Hacker News new | ask | show | jobs
by aleclm 817 days ago
> should SLL decompile to x << y or x << (y % 32)?

I think this a bit of a misguided question. The hardware has a precise semantic defined, usually. QEMU's << behaves similarly to C (undefined behavior for rhs > 32), but this means that the lifter (still QEMU) will account for this and emit code preserving the semantics.

tl;dr: the code we emit should do the right thing depending on what the original instruction did, without making assumptions on what happens in case of C undefined behaviors.

> Ghidra's type system lacks function pointer types

Weird limitation, we support those.

> it doesn't seem to understand stack slot reuse

That's a tricky one. We're now re-designing certain parts of the pipeline to enable LLVM to promote stack accesses to SSA values, which basically solves the stack slot reuse. This is probably one of the most important features experienced reversers ask for.

> that language need not be C--

Making up your own language is temptation one should resist.

Anyway, we're rewriting our backend using an MLIR dialect (we call it clift) which targets C but should be good enough to emit something "similar to C but slightly different". It might make sense to have a different backend there. But a "standard C" backend has to be the first use case.

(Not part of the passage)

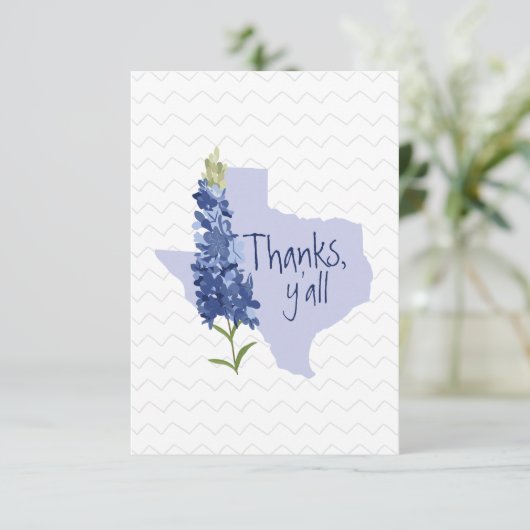Bedankt Y'all Bluebonnet Texas (Staand voorkant)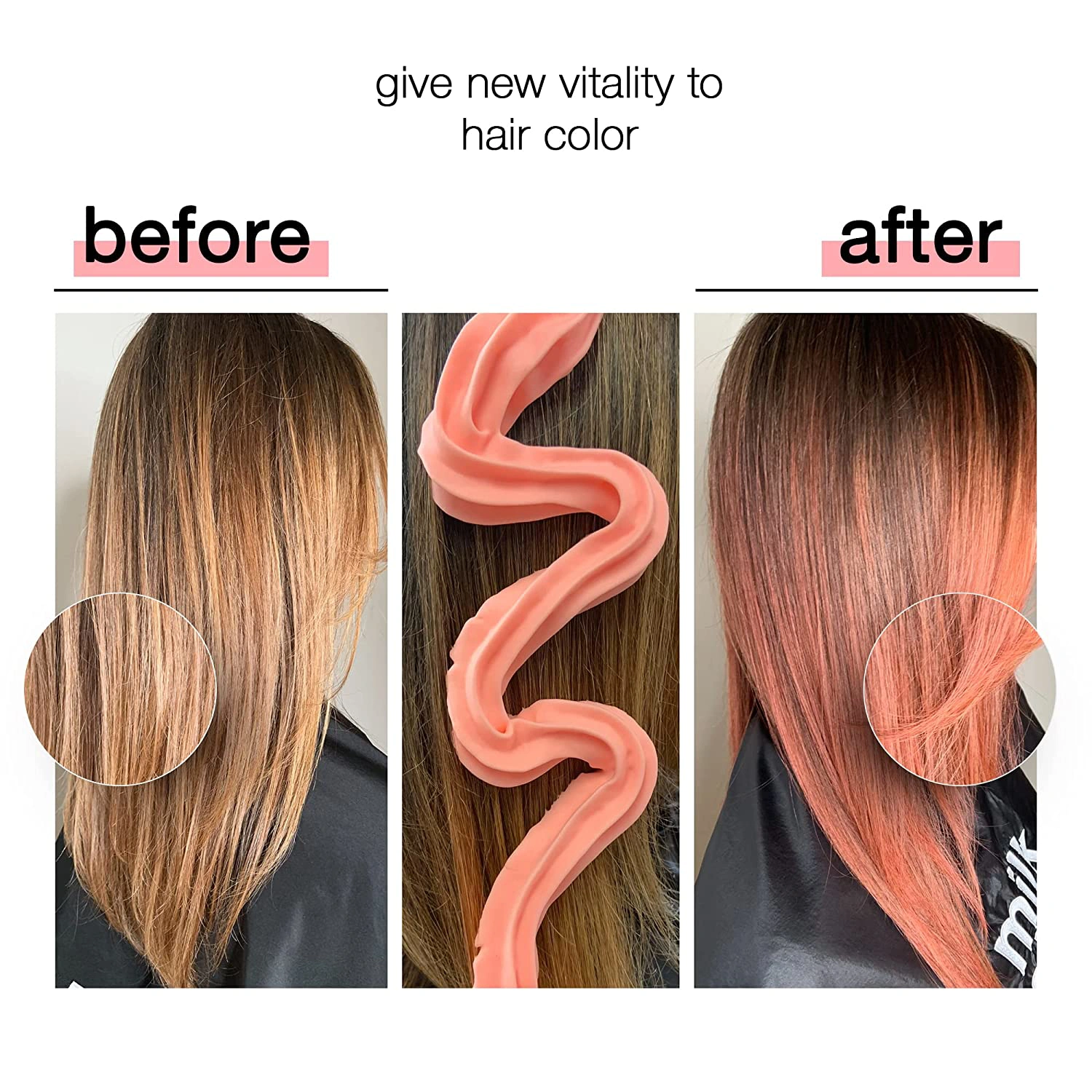 Milk_Shake Colour Whipped Cream Rose Brown 100ml képe 2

We thought about emitting C++, it would make our life simpler. But I think targeting non-C as the first and foremost backend would be a mistake.

Also, a Python backend would be cool.

> Analysis necessarily involves...

I would be interested in discussing more what exactly you mean here. Why don't you join our discord server?

> I'd absolutely love to be able to import C++ header files to fill in known structure types

We have a project for importing from header files. Basically we want use a compiler to turn them into DWARF debug symbols and then import those. Not too hard.